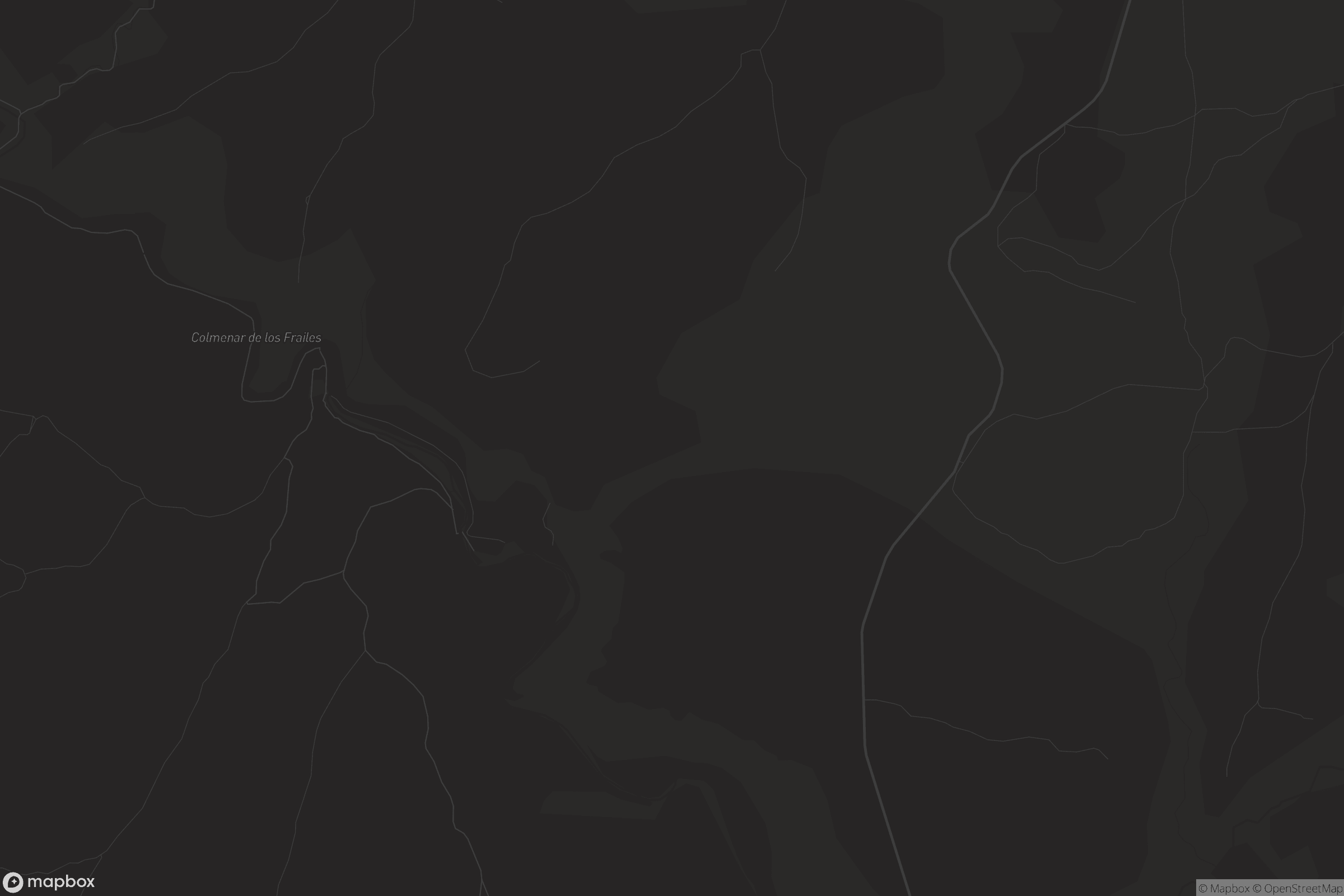 Mapa de Comunidad de Herrera de Soria, Nafría de Ucero y Ucero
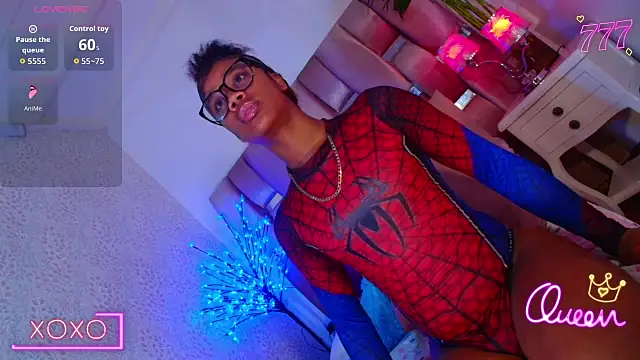 Snapshot of EbonyWildYou chatting on 4, 2, 2026 EbonyWildYou online show from 4, 2, 2026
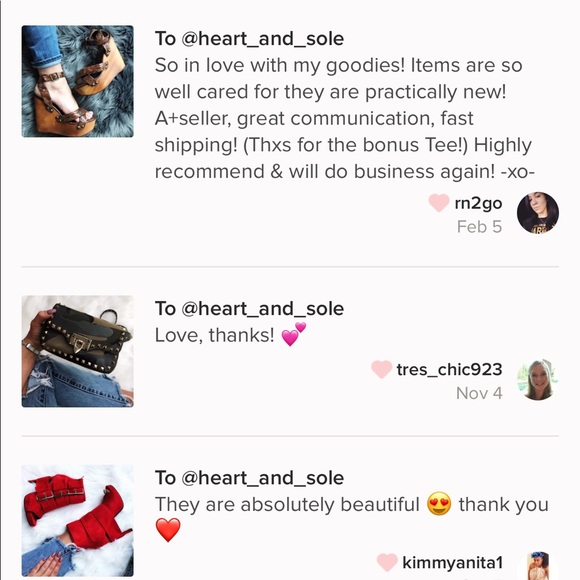 ❤️📝 LOVE NOTES! - Picture 3 of 8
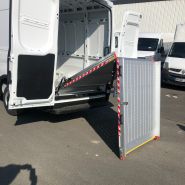 Rampe de chargement renforcée facile à manipuler - jusqu'à 1000 kg - DH-AI12.10_5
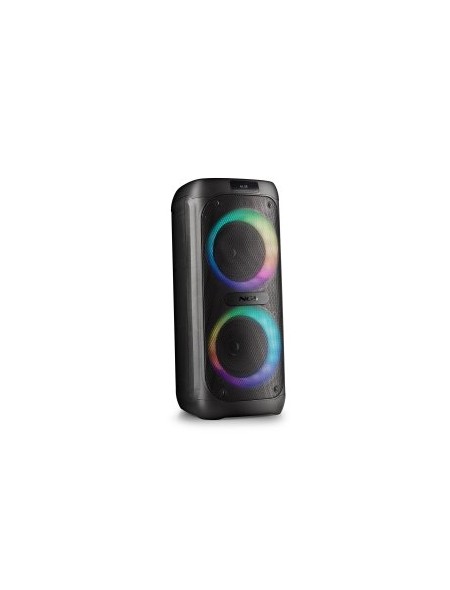 ÷ Altavoz bluetooth portable ngs wildbanger2 160w compatible con  bluetooth tws usb & t aux in bat 4h
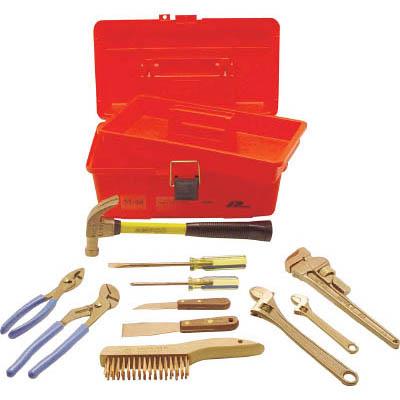 スナップオン・ツールズ AMCM-48 防爆11ピース工具セット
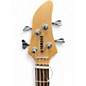 Used Yamaha RBX170 Candy Apple Red Metallic Electric Bass Guitar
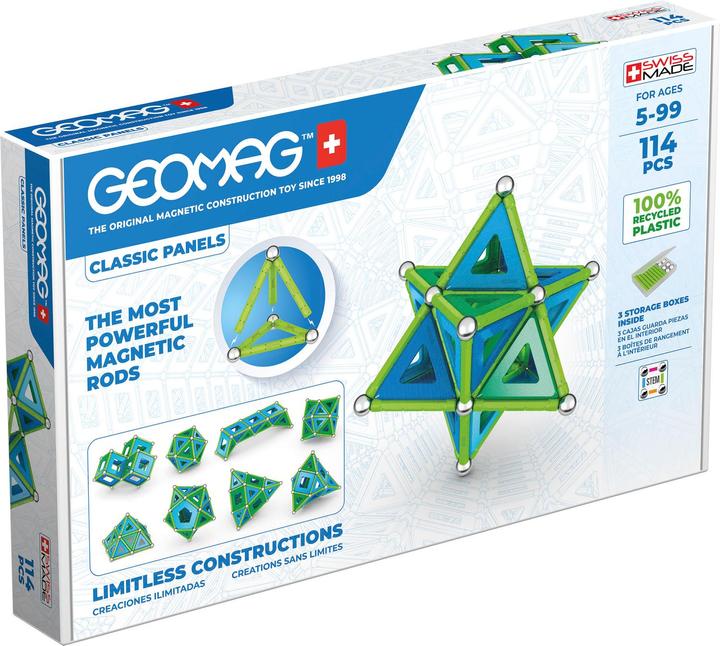 Produktbild Geomag Panels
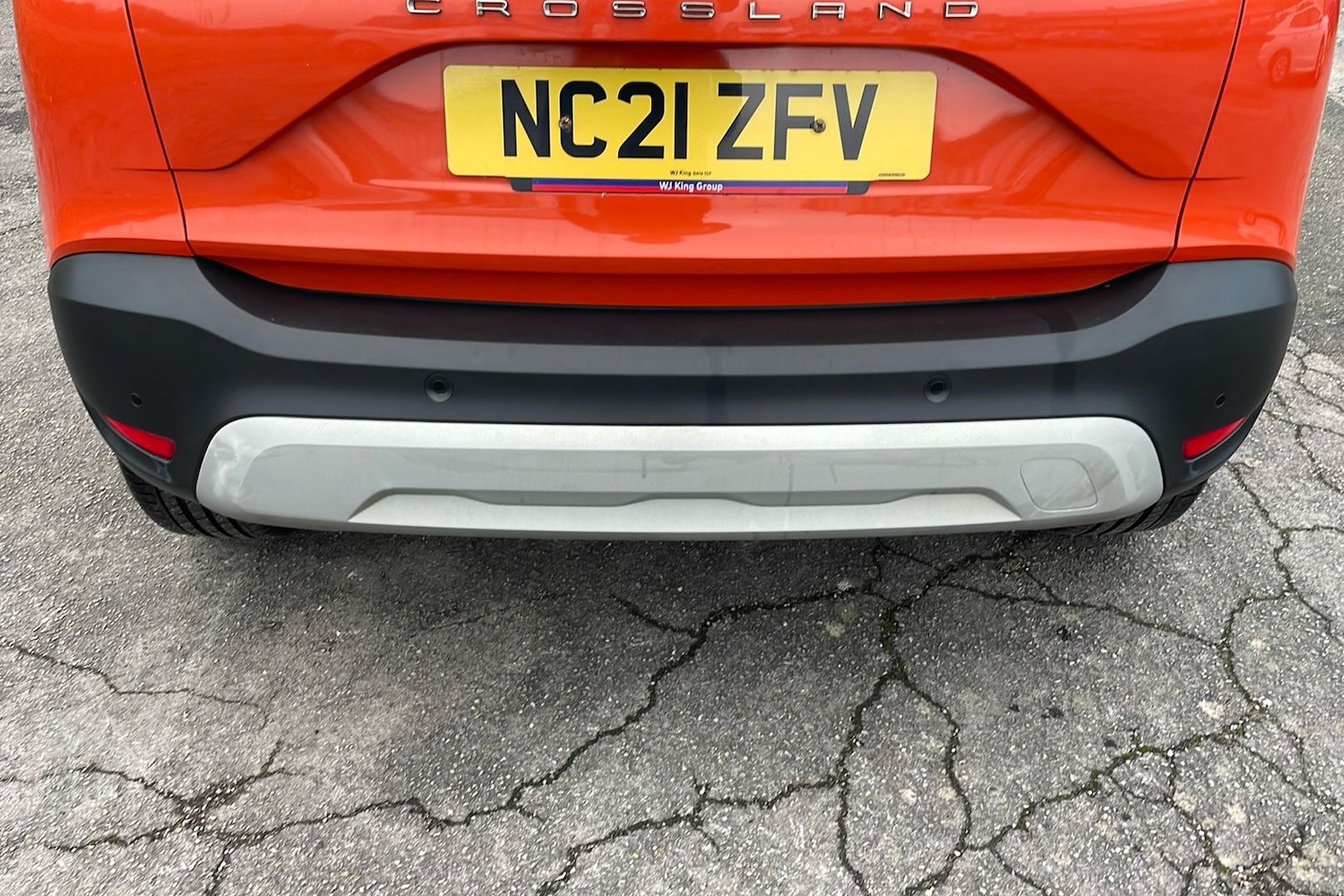 Used Vauxhall Crossland 2021 for sale - 77337414: Photo 52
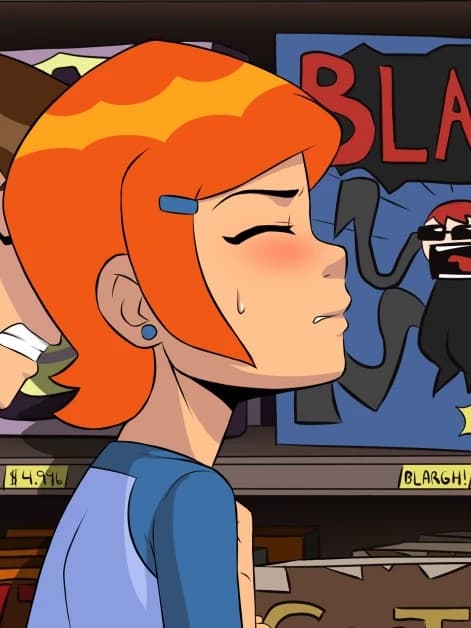 Your Girlfriend, Gwen Tennyson thumbnail
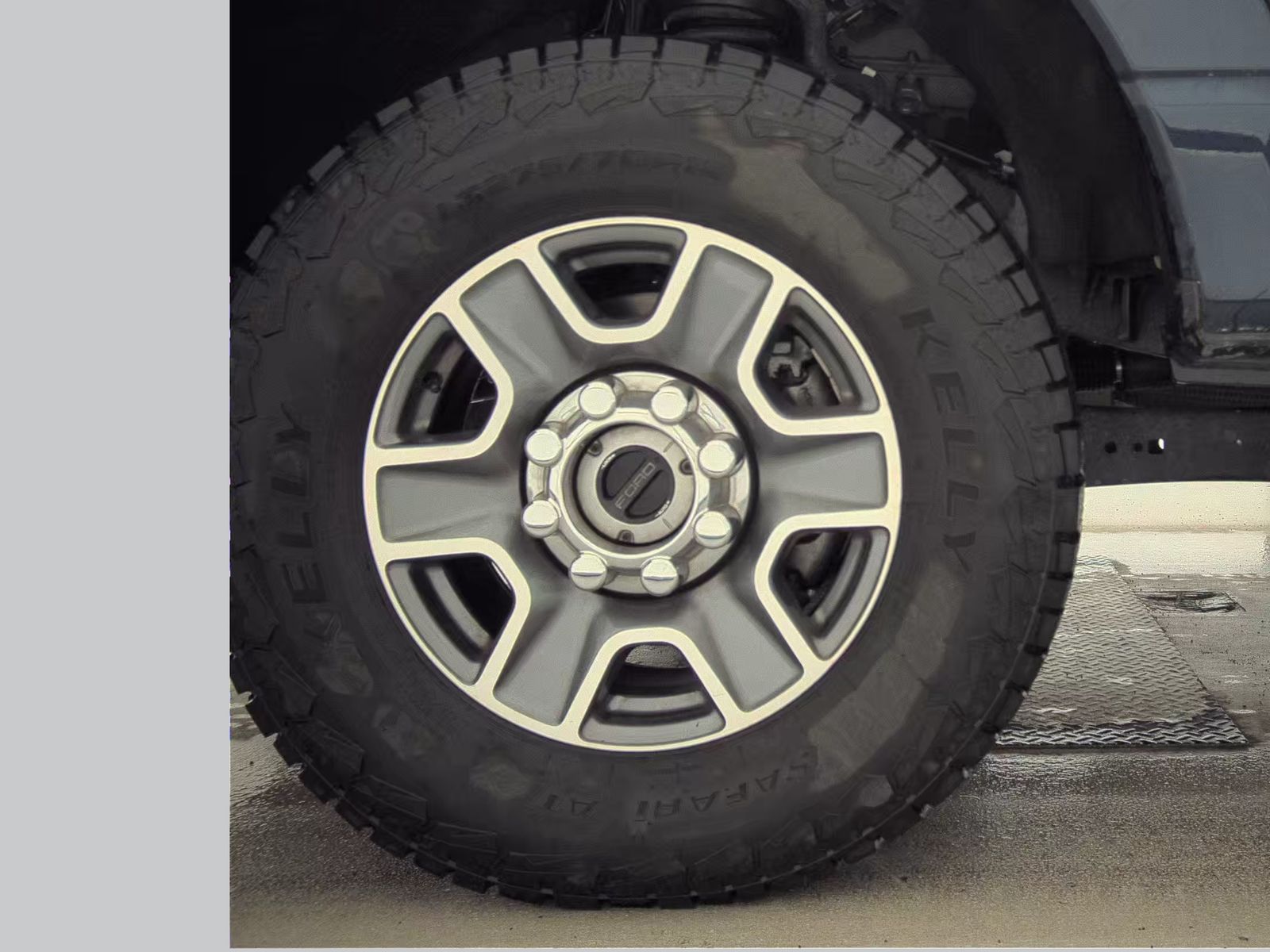 FORD F-250 - 10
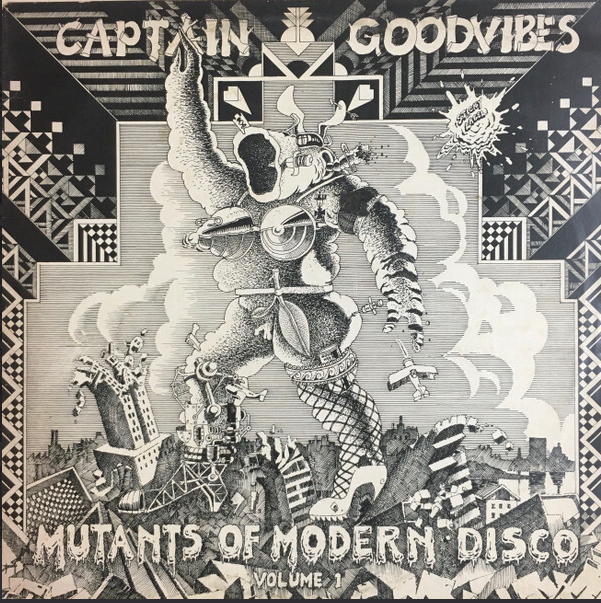 Captain Goodvibes: Mutants of Modern Disco, Cargo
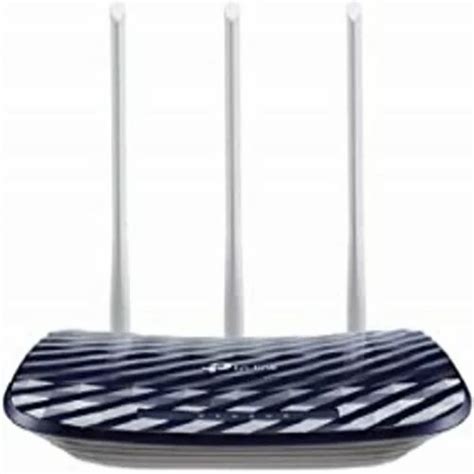 TP-Link AC750 Dual Band Wireless Cable Router, 750Mbps Speed Wi-Fi, at ...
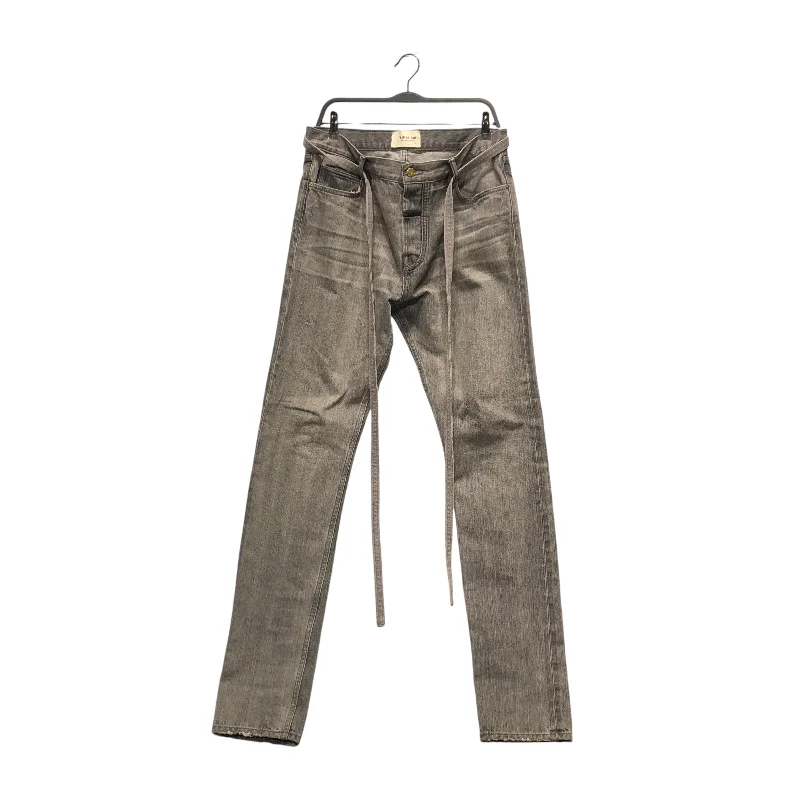 FEAR OF GOD/Pants/34/Denim/GRY/ Dynamic Men's Glow Dynamic Men's Glow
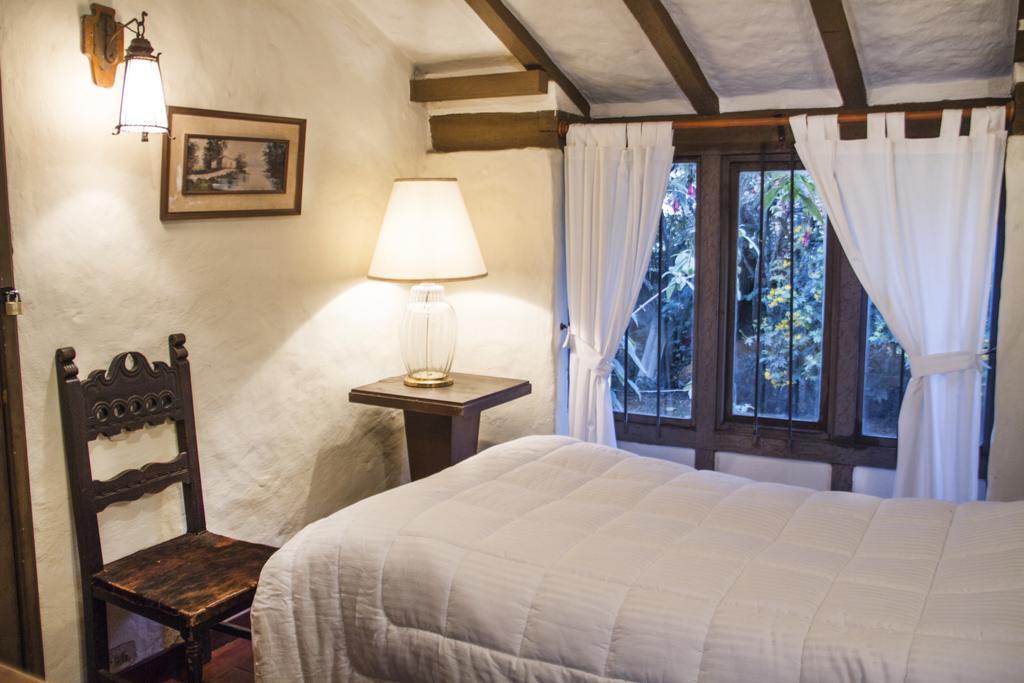 Hotel Rincon De La Montana Cota Εξωτερικό φωτογραφία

------------------------------------------------------------------------

* _Work instructions_: Word for word, give again the lines from the line with "Captain Goodvibes: Mutants" through the end of the records above, with both ends included and the pictures left out.

* _Answer space_:
 Captain Goodvibes: Mutants of Modern Disco, Cargo
 TP-Link AC750 Dual Band Wireless Cable Router, 750Mbps Speed Wi-Fi, at ...
 FEAR OF GOD/Pants/34/Denim/GRY/ Dynamic Men's Glow Dynamic Men's Glow
 Hotel Rincon De La Montana Cota Εξωτερικό φωτογραφία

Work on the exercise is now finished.